▶ _TASK BRIEF_
The copy you return must begin at the line containing "foto del prodotto" and end at the final line of the listing below, with every picture left out.

▶ _MATERIAL FOR THE TASK_
* * * * * * * * *

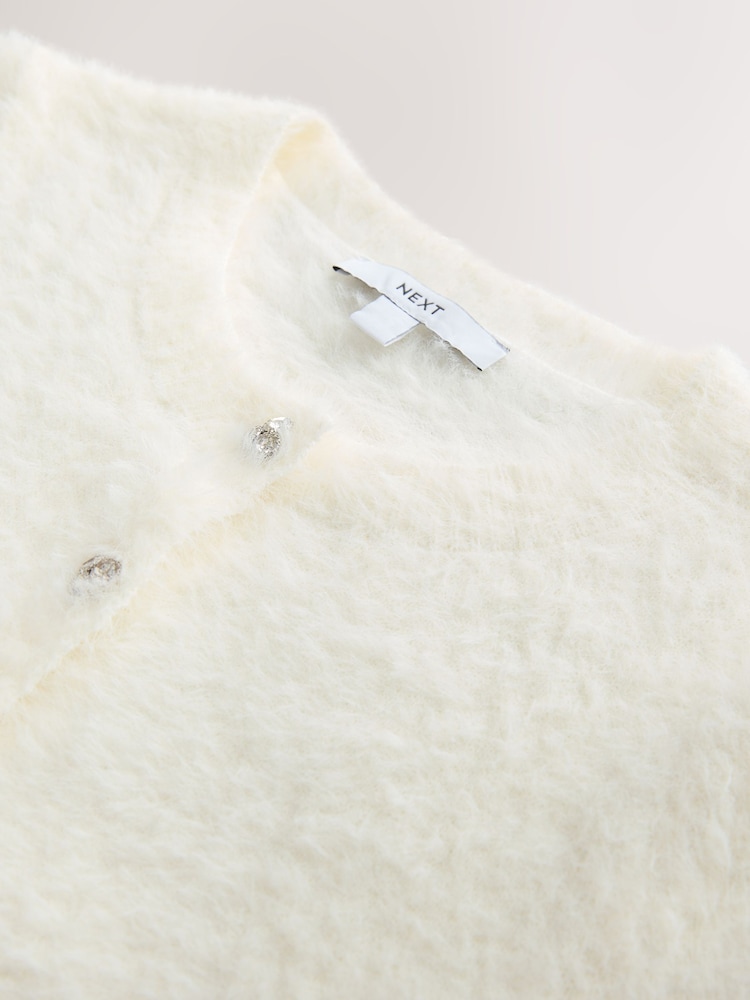 Ecru Gem Button Textured Short Sleeve Cardigan - Image 8 of 8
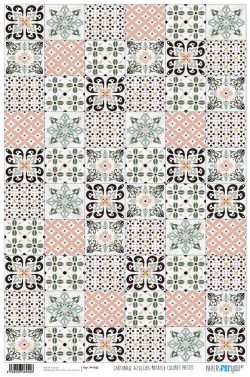 PFY-942 - PAPEL CARTONAJE AZULEJOS  - pack 12 ud.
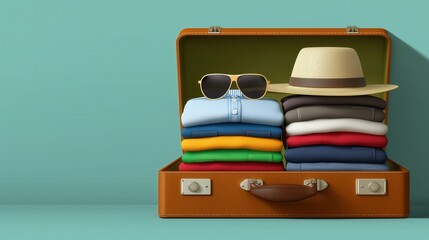 Open brown suitcase with folded shirts in many colors, a straw hat, and sunglasses on blue background
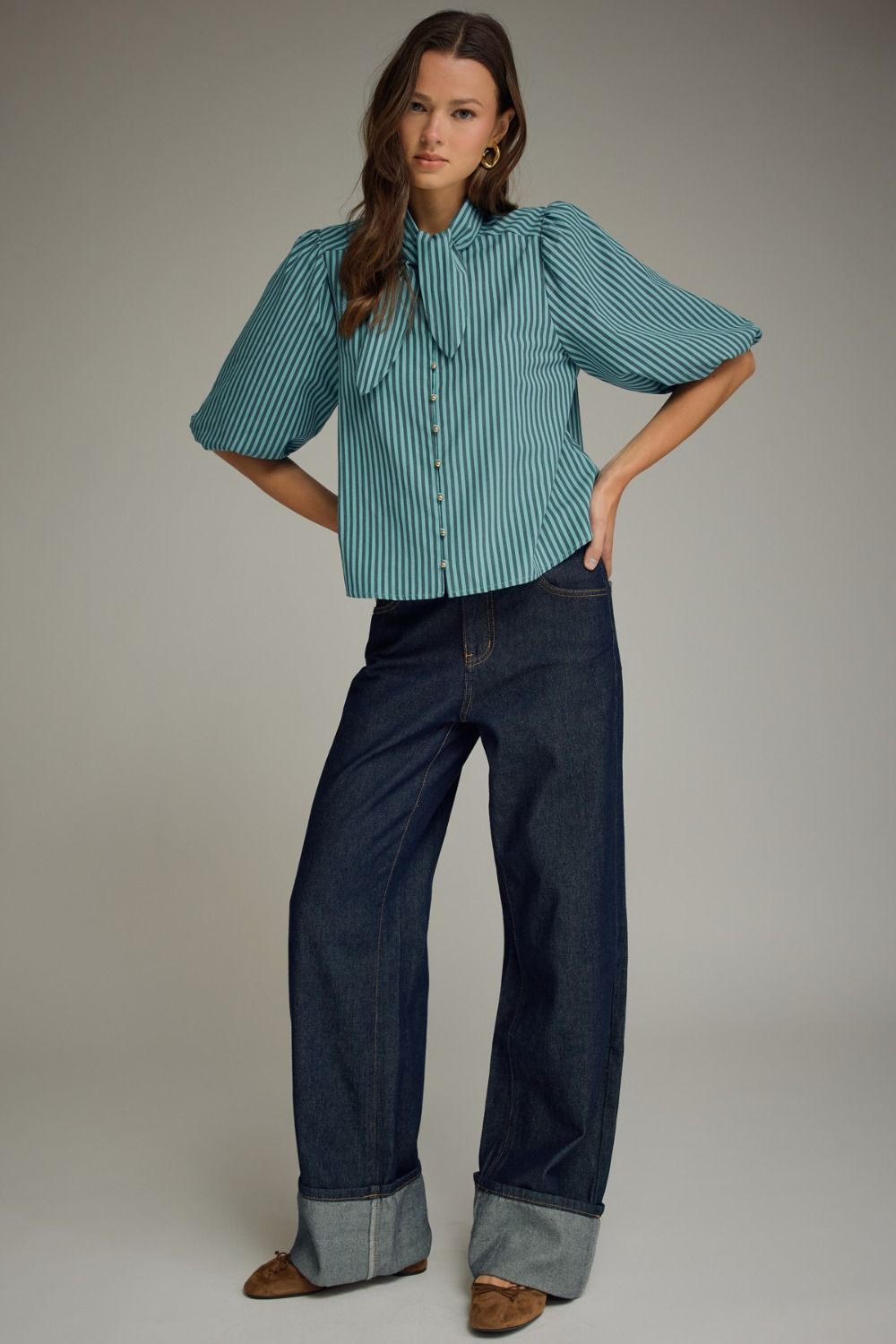 Striped Bow Neck Blouse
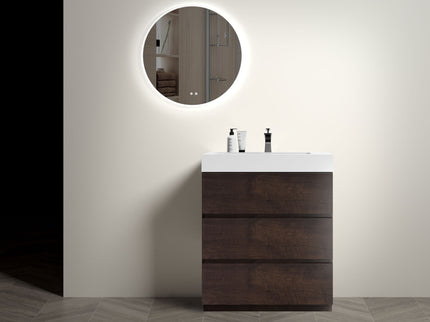Alice - Bathroom Vanity With Large Storage Freestanding Bathroom Vanity, Sink For Modern Bathroom, One-Piece Sink Basin Without Drain And Faucet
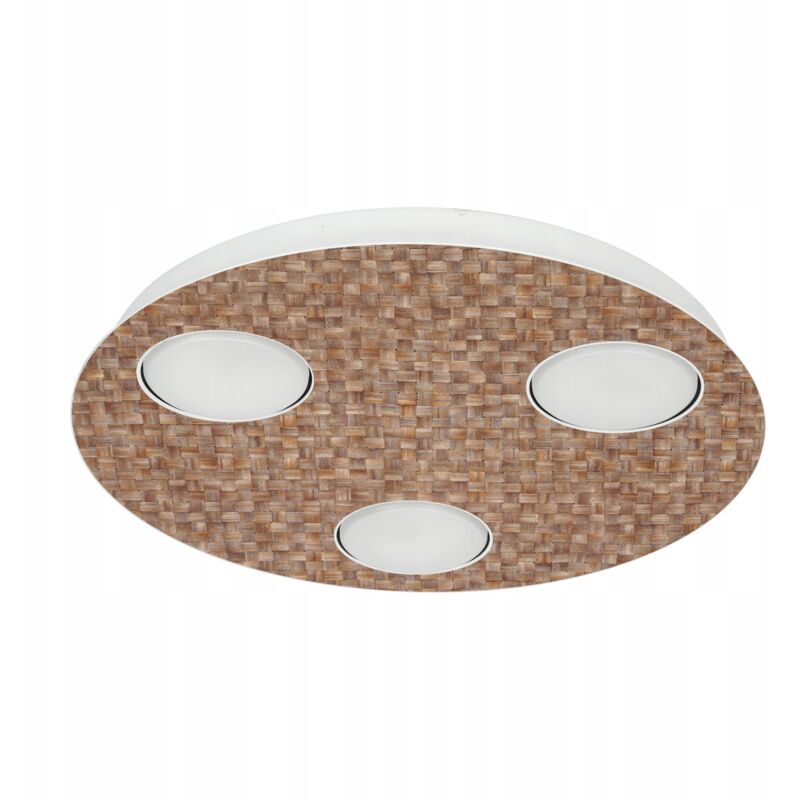 foto del prodotto adesivo 3x gx53 lampada da soffitto rotonda in rattan
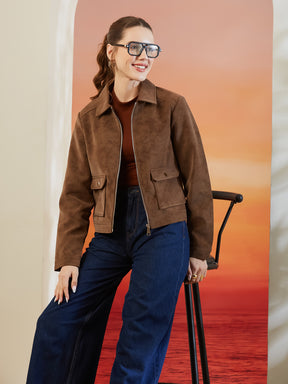 Latin Quarters Women's Brown Solid Collar Neck Full Sleeves Casual Jacket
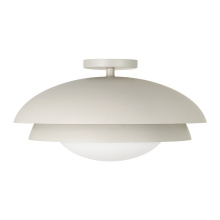Capital Canada 259211TP - 17.75" W x 9.25" H 1-Light Modern Tiered Dome Semi Flush in Taupe with Soft White Glass Diff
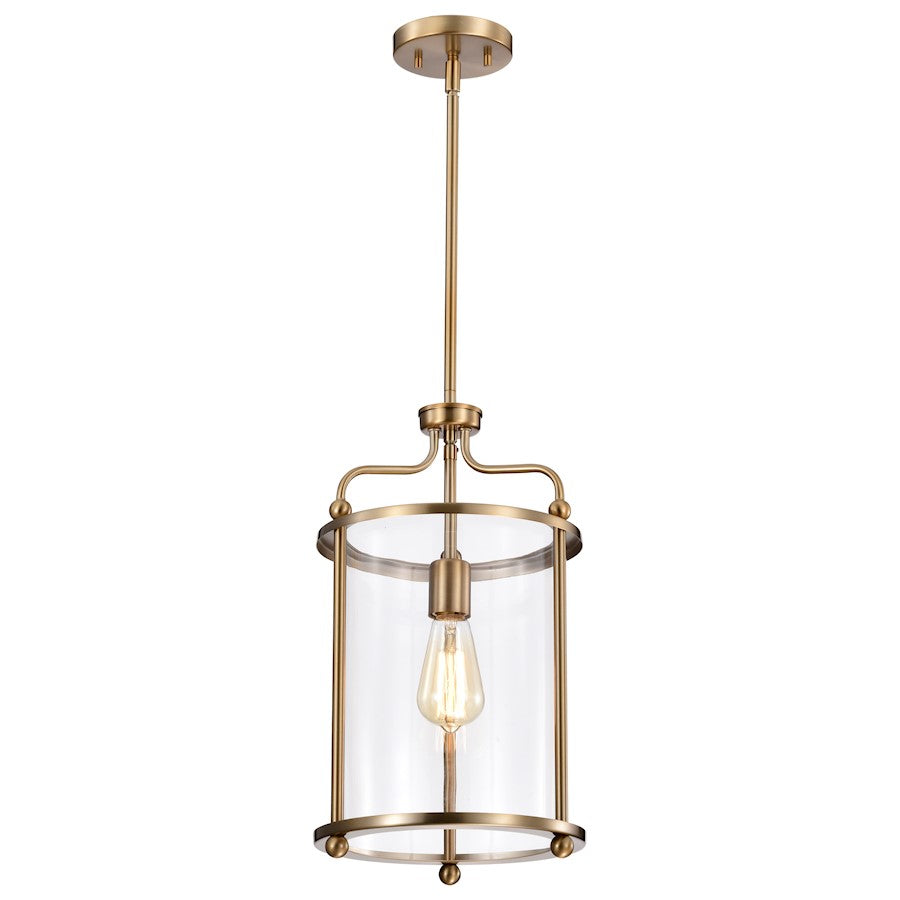 Nuvo Lighting Yorktown 10in 1-Light Pendant | Traditional Burnished Brass Steel and Clear Glass | Kitchen Island & Dining Room | 10 x 10 x | Model 60-7935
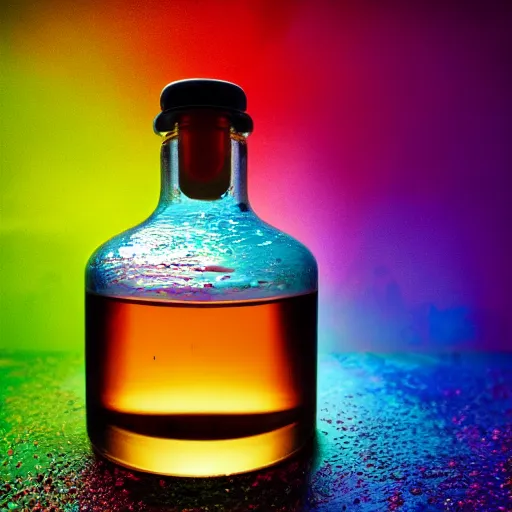 Image similar to a potion filled with a magical,colorful liquid,studio lighting,4k,realistic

* * * * * * * * *

▶ _RESULT OF THE EXERCISE_
 foto del prodotto adesivo 3x gx53 lampada da soffitto rotonda in rattan
 Latin Quarters Women's Brown Solid Collar Neck Full Sleeves Casual Jacket
Capital Canada 259211TP - 17.75" W x 9.25" H 1-Light Modern Tiered Dome Semi Flush in Taupe with Soft White Glass Diff
 Nuvo Lighting Yorktown 10in 1-Light Pendant | Traditional Burnished Brass Steel and Clear Glass | Kitchen Island & Dining Room | 10 x 10 x | Model 60-7935
 Image similar to a potion filled with a magical,colorful liquid,studio lighting,4k,realistic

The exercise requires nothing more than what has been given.